Aleks Essex, one of the co-authors on my paper regarding the iVote system and use of DDoS protection for online voting, has written an excellent blog post summarising the paper. He’s also re-recorded his presentation from the E-Vote-ID conference as well, which is much easier than reading the paper if you’re interested.

As for the news, it’s been a bit insane for the last few weeks, so here’s a fun one which you might have missed:

Tracking People Without GPS

Once it has gathered all of this information and determined the mode of transportation you’re currently taking, it can then begin to narrow down where you are. For flights, four algorithms begin to estimate the target’s location and narrows down the possibilities until its error rate hits zero.

If you’re driving, it can be even easier. The app knows the time zone you’re in based on the information your phone has provided to it. It then accesses information from your barometer and magnetometer and compares it to information from publicly available maps and weather reports. After that, it keeps track of the turns you make. With each turn, the possible locations whittle down until it pinpoints exactly where you are.

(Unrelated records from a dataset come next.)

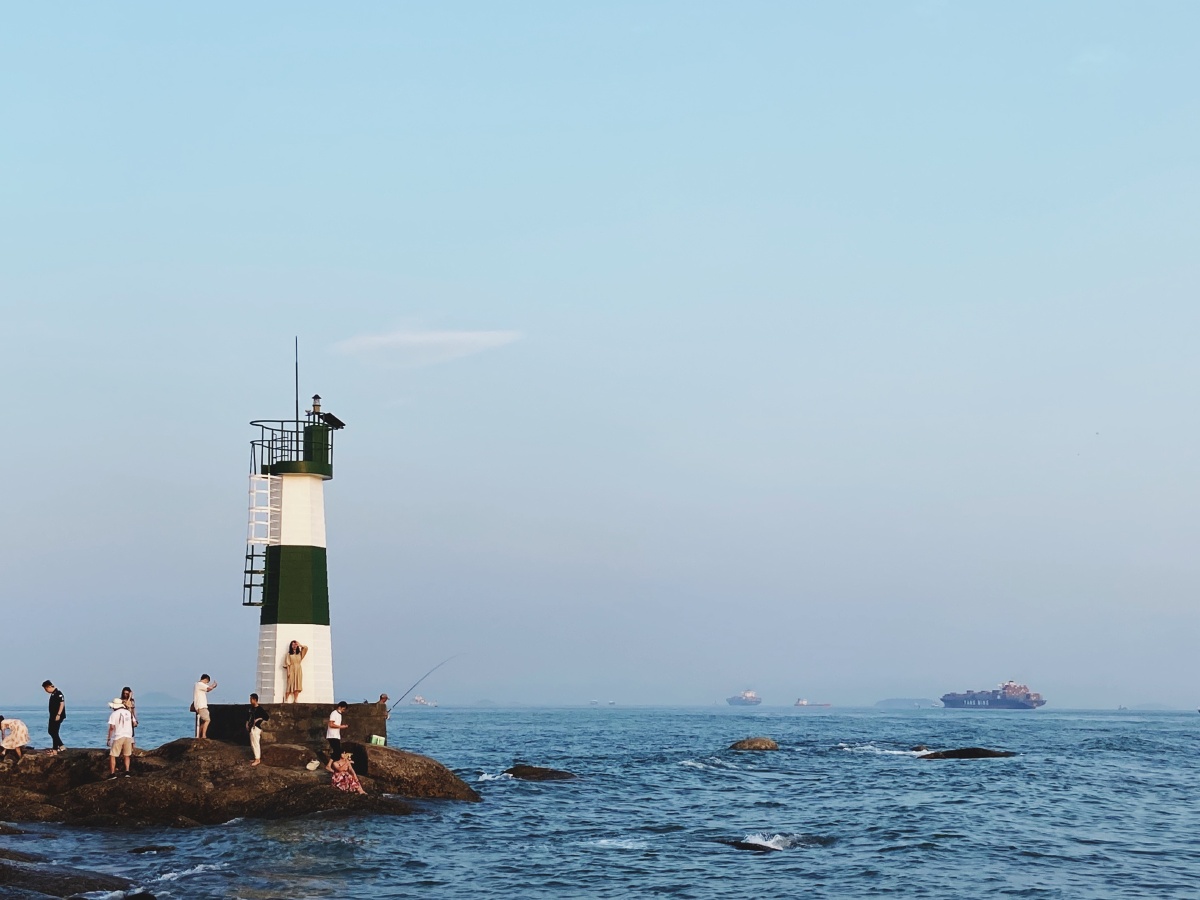 厦门海边鼓浪屿夕阳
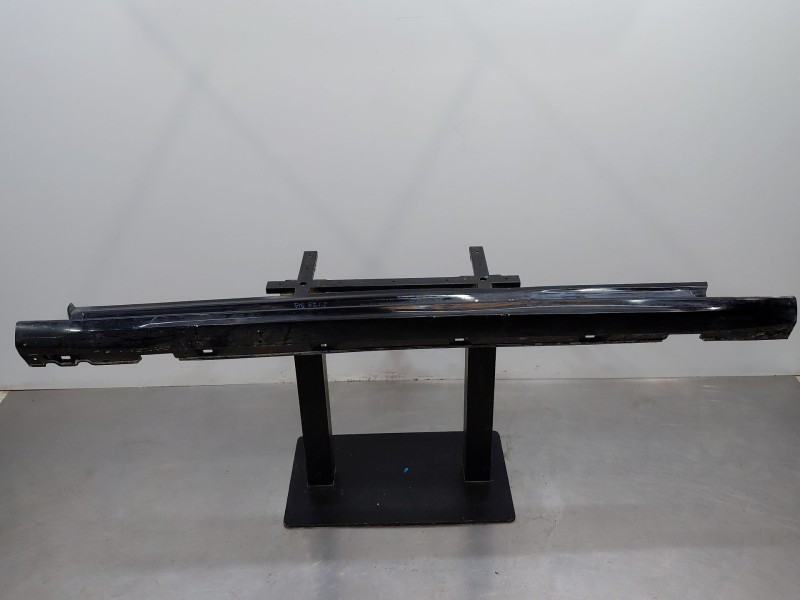 Recambio de faldon lateral para ford focus iv turnier (hp) 1.5 ecoblue referencia OEM IAM 2746947  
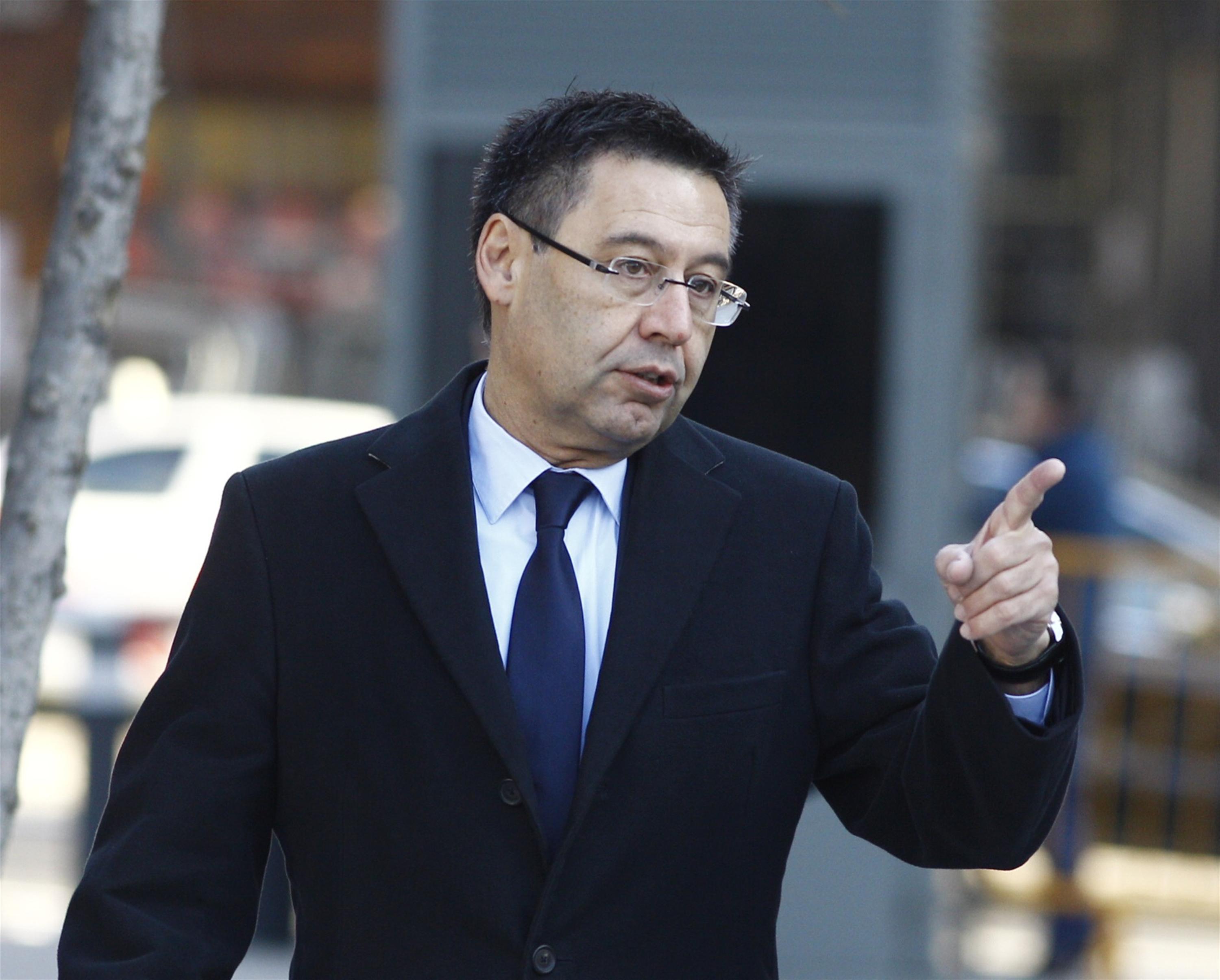 Josep Maria Bartomeu, expresidente del Barça, expande las pasarelas para aviones y barcos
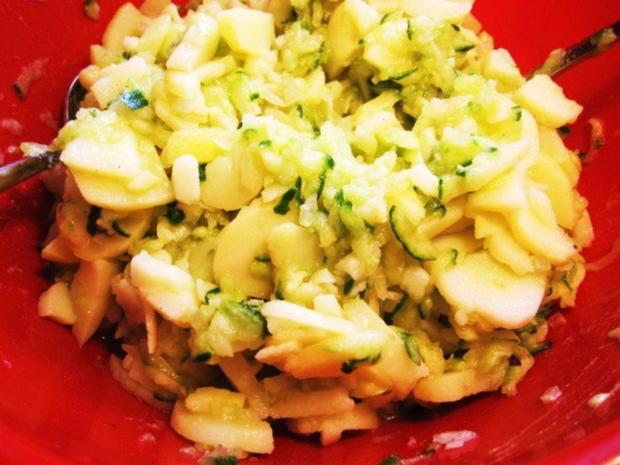 Kartoffelsalat mit grüner Gurke ... - Rezept - kochbar.de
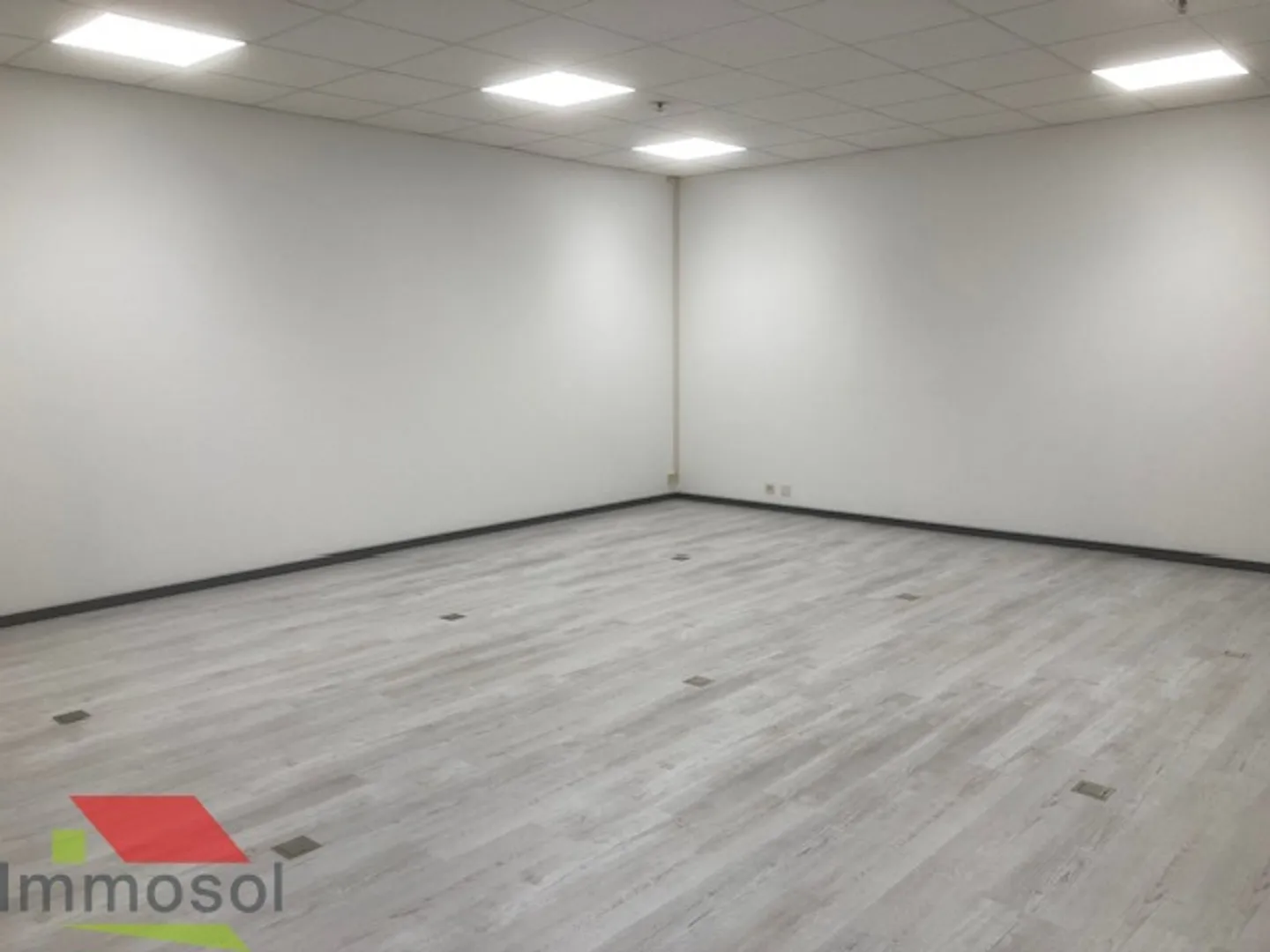 For rent: commercial spaces with beautiful natural light - Photo 3 of 5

To demonstrate how accurate it is, researchers did a test run in Philadelphia. It only took 12 turns before the app knew exactly where the car was.

This is one of those pieces of research which is simultaneously incredibly cool and incredibly creepy. If you want to avoid this sort of tracking, you realistically have two options: 1) put your phone in the bin, or 2) trust that your phone’s manufacturer and OS-developer have your privacy in mind. Unfortunately, there’s not much more you can do other than trust the manufacturer with your privacy when you’re carrying around something full of sensors.

This next one is for the pentesters in the audience:


Hack The Box is an online platform allowing you to test your penetration testing skills and exchange ideas and methodologies with other members of similar interests. It contains several challenges that are constantly updated. Some of them simulating real world scenarios and some of them leaning more towards a CTF style of challenge.

As an individual, you can complete a simple challenge to prove your skills and then create an account, allowing you to connect to our private network (HTB Labs) where several machines await for you to hack them. By hacking machines you get points that help you advance in the Hall of Fame.

Go ahead and try to hack the invite code in order to become a member!

When I discovered HackTheBox, my first reaction was “how did I not hear about this until now?” For those of you who are familiar with Capture the Flag challenges, and particularly the Offensive Security PWK/OSCP labs, HackTheBox is basically that, but for free.

For everyone else, this is effectively an online “firing range” for practicing hacking. When you sign up, you’re given details allowing you to connect to a Virtual Private Network (VPN) containing a number of intentionally vulnerable systems. The objective is to break into each system and obtain ‘proof’ files. With each system you manage to compromise, you score points.

I’ve only spent a couple of days in the lab, but so far I’m impressed. The systems are well designed, and the website interface is incredibly slick - an addictive combination. It’s an excellent way to learn and practice offensive security techniques.

One complication is the sign-up/invite process, which requires you to ‘hack’ your way into the system and pull out an invite code yourself. It’s a bit of a gimmick, but it’s an effective way to set a floor on the skill level of users. For those of you who are keen, let me know how you go!